If so, we’ve discovered one very good one.
Sweet Tea’s Catfish and Blues Co. sits at the corner of Floyd Road and the East-West Connector in Austell. It first caught my attention as we drove past a couple of weeks ago. Sweet tea and blues? We’re talking about two of my favorite things on Earth. I couldn’t wait to give it a try.
Sweet Tea’s is the kind of place I’m proud to make my first restaurant review. It’s a family operation, from executive chef NaShawndra Jackson-Davis and general manager Lawrence Davis, down to their two adorable — I’ll call them junior hosts — aged 3 and 5. Visiting Sweet Tea’s was as much meeting new friends as dining out. And did I mention, new friends who can cook?
This weekend we braved the blizzard (ha!) and set out for a celebratory dinner. The plan was to eat big and hang around to hear the Stella Bass Band, which plays every Friday night. We enjoyed first-class service from start to finish. Friendly staff, delicious food, and a comfy atmosphere made it a night to remember.

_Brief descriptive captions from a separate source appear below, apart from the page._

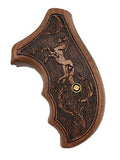 handicraftgrips JRW34## New Smith & Wesson S&W J Frame Round Butt Bodyguard Grips Checkered Engraved Laser Hard Wood Handmade Handcraft Beautiful Gift Skull Newyear Christmas Sport for Men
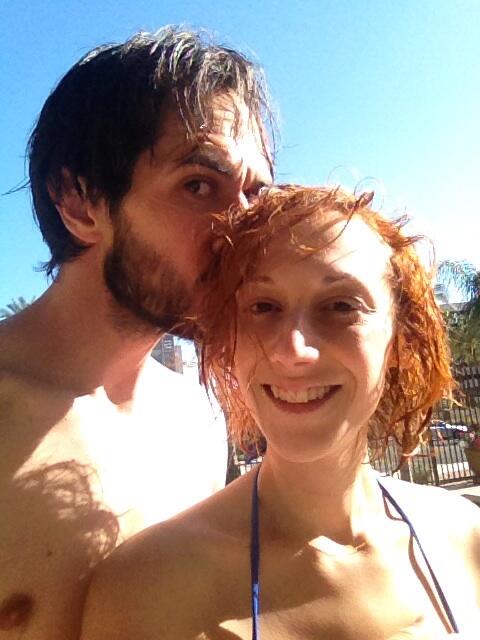 hey_big_guy's tweet image. @NOWImprov poolside at #PIF12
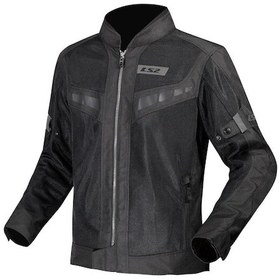 Resim Ls2 Blade Air Korumalı Motosiklet Montu Yazlık Siyah 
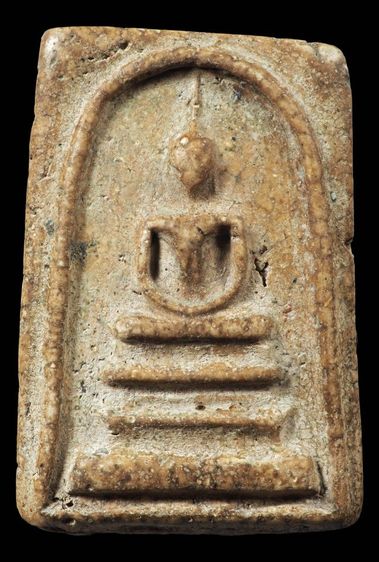 พระสมเด็จวัดระฆัง พิมพ์เกศบัวตูม เนื้อจัดมาก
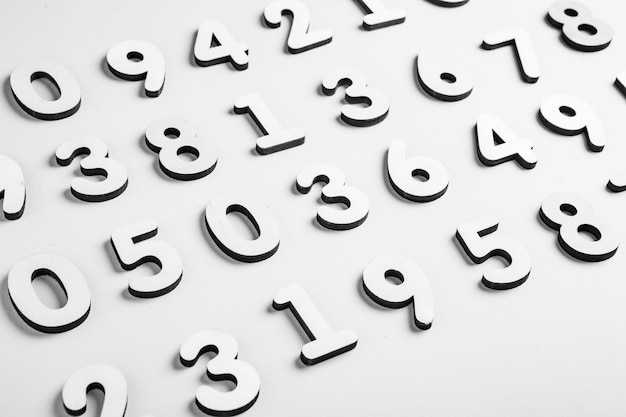 background with random numbers abstract texture with numbers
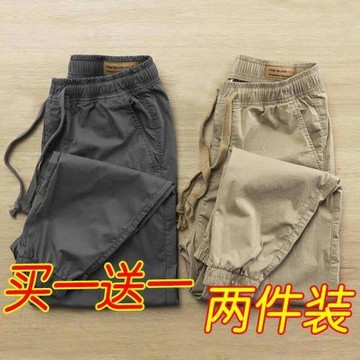 干活穿的褲子男耐磨建筑工人工地純棉工作服寬松休閑大碼褲勞保褲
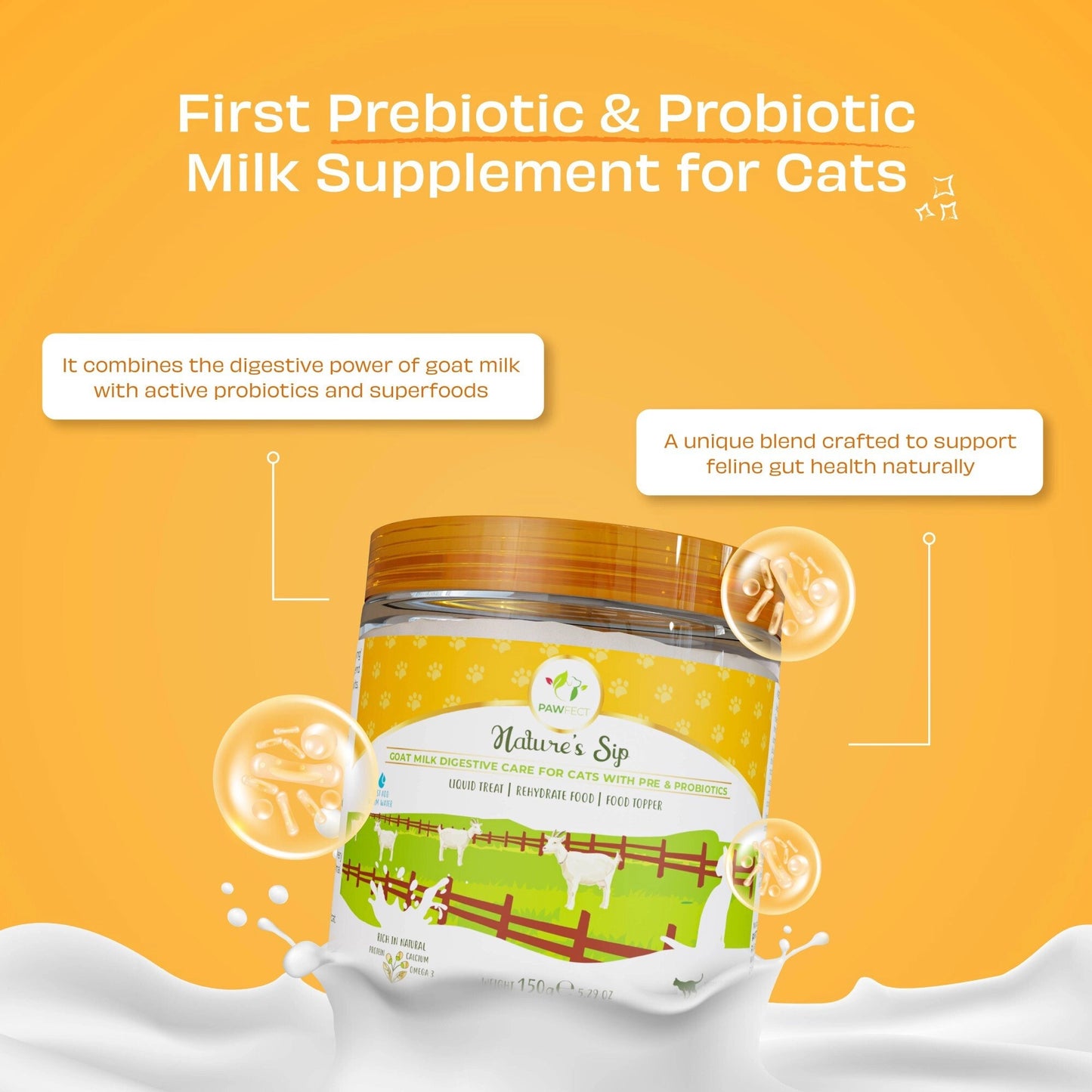 leche cabra gatos con calabaza banana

This is when you know you’re in for a treat. When we put in our drink orders, our server asked if I minded waiting a few minutes for a fresh batch of tea. You bet I’ll wait! Just-brewed tea is totally worth it. Best part? The sweet and fruity flavors balanced perfectly. None of that, sicky-sweet, sucking melted candy through a straw. We got off to an excellent start.
For dinner, I chose a tamale and catfish combo and Doug tried the ribs. Our sides were sweet potato souffle, homestyle mac and cheese, and green beans. One day I hope we’ll get scent-ernet access. The smells alone would get all y’all on a plane to Georgia tomorrow.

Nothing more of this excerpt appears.